Hai Xiu[1] recogió el montón de exámenes con los dedos temblorosos. Los diez minutos de estudio libre habían tocado a su fin y ahora debía repartir las hojas entre sus compañeros.
Su clase consistía en veintiocho alumnos sin contarle a él, así que sólo tenía que entregar veintisiete exámenes: no podía ser tan difícil. Un minuto y un segundo después, tenía la frente sudorosa y se consolaba pensando justo eso, que no era tan difícil.
Se había cambiado de escuela hacía un mes y ya recordaba el nombre de alguno de sus compañeros. El de Wang Peng – con quien compartía escritorio – y el del delegado – Song Jiajia. Sólo le quedaban veinticinco más.
A Hai Xiu se le aceleró el corazón. Apenas podía pensar, todo lo que quería era buscar a la profesora y decirle que era incapaz de hacerlo. Sin embargo, su profesora se decepcionaría de ser así y, viendo lo buena que era con él, no podía permitirlo. Tal y como le había dicho su maestra, tenía que aprender a comunicarse con sus compañeros poco a poco, esto también era un paso hacia la cura. Sí, Hai Xiu tenía un trastorno de ansiedad social, más conocido como: “fobia social”. No es que fuese algo innato, aunque Hai Xiu siempre había sido tímido, pero no hasta el punto de ser incapaz de comunicarse con otros. Su enfermedad se desarrolló a causa del año de acoso escolar que padeció por una nimiedad: había sacado un treinta en su examen de inglés y había bajado la media de su clase de la que él era el mejor.

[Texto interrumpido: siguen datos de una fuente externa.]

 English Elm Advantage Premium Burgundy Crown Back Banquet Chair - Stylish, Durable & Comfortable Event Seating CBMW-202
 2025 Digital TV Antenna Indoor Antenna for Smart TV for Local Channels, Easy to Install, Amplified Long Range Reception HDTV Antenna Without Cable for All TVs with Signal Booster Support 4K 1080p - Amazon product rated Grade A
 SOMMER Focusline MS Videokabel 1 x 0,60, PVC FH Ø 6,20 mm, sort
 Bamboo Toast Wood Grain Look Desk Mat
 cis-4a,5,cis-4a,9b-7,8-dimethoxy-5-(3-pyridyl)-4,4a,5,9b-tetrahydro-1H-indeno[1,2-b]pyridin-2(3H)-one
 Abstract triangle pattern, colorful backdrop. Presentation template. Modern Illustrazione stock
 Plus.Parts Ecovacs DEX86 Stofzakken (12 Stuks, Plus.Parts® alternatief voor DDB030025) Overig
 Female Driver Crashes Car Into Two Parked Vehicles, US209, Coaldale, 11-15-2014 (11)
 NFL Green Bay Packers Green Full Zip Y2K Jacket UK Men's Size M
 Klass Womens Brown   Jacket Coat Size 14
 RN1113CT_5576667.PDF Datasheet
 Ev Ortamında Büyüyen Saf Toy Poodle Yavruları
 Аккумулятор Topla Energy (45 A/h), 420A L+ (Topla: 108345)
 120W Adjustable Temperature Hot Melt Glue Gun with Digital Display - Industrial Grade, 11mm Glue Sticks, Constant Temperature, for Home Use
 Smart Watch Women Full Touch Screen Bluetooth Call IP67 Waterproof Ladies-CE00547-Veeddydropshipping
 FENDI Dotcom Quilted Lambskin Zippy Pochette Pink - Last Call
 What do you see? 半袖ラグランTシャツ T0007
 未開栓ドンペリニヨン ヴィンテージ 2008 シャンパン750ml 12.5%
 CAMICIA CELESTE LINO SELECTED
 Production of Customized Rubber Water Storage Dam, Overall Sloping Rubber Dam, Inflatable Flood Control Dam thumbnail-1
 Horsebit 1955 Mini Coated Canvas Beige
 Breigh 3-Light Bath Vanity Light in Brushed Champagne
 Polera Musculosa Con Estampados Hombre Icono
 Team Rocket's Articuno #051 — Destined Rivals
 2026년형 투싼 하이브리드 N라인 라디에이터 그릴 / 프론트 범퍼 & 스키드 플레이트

El examen había sido un final importante y, además, él pertenecía a la clase de los “eruditos”. El profesor de Hai Xiu se enfadó y le regañó delante de toda la case e incluso le estresó durante una semana entera. Se acabó convirtiendo en el “pecador” de la clase y echó a perder los esfuerzos de todos sus compañeros.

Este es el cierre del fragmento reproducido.